Defense attorneys counter that, notwithstanding prosecutors' portrayal of the suspect, the manner in which the government pursued and apprehended him, and collected evidence, was blatantly intrusive and overreaching. They have filed a motion to suppress all evidence obtained through federal agents' use of cutting-edge technology termed the "stingray" that was not disclosed to a magistrate when investigators sought a search warrant to track down the suspect.
What agents in California reportedly did do was merely tell that magistrate that they were seeking to obtain information from Verizon to help find the whereabouts of the suspect. The motion states that they made no mention whatever of the stingray device or their intent to independently employ it, thus circumventing judicial discretion in determining the merit and scope of the warrant request.
The stingray essentially allows agents to simulate a cell tower down to the size of a small box, which investigators can use out of a truck or van.
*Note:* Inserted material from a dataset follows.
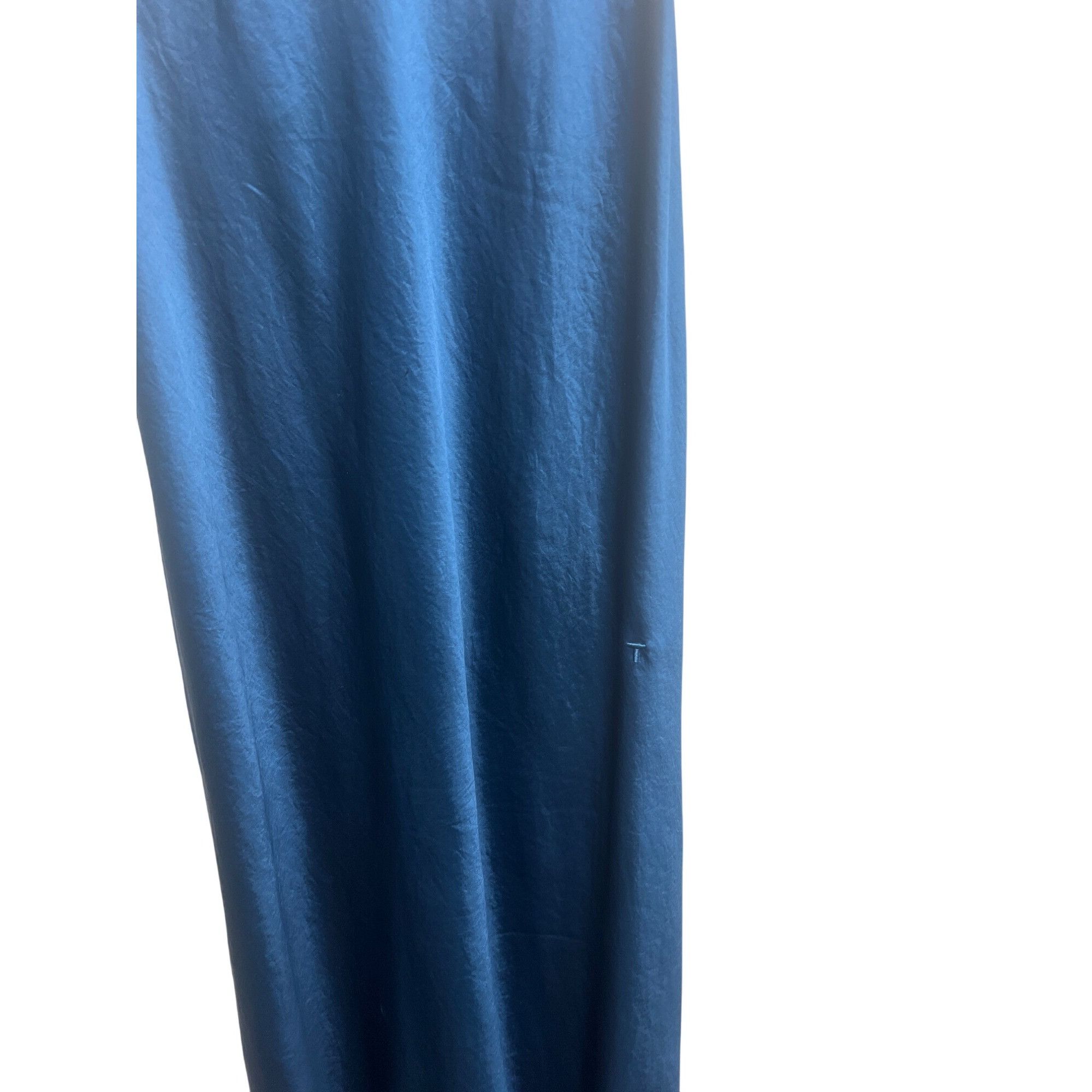 T by Alexander Wang T Alexander Wang Satin Midi Slip Dress Size S / US 4 / IT 40 - 5 Thumbnail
Federal agents were reportedly using the device routinely in the field in many cases without disclosing its existence in warrant requests. A centrally notable problem with it, say defense attorneys, is that it can send signals to and collect information from suspects "and third parties alike," which it did in the Hacker's case.
The suspect was arrested after the stingray pinpointed his location, and agents used information from his home computer to indict him.
The ACLU has also filed a brief in the matter, and a federal judge ruled recently that the FBI must immediately release stingray-related information requested under the Freedom of Information Act by an advocacy group promoting privacy rights.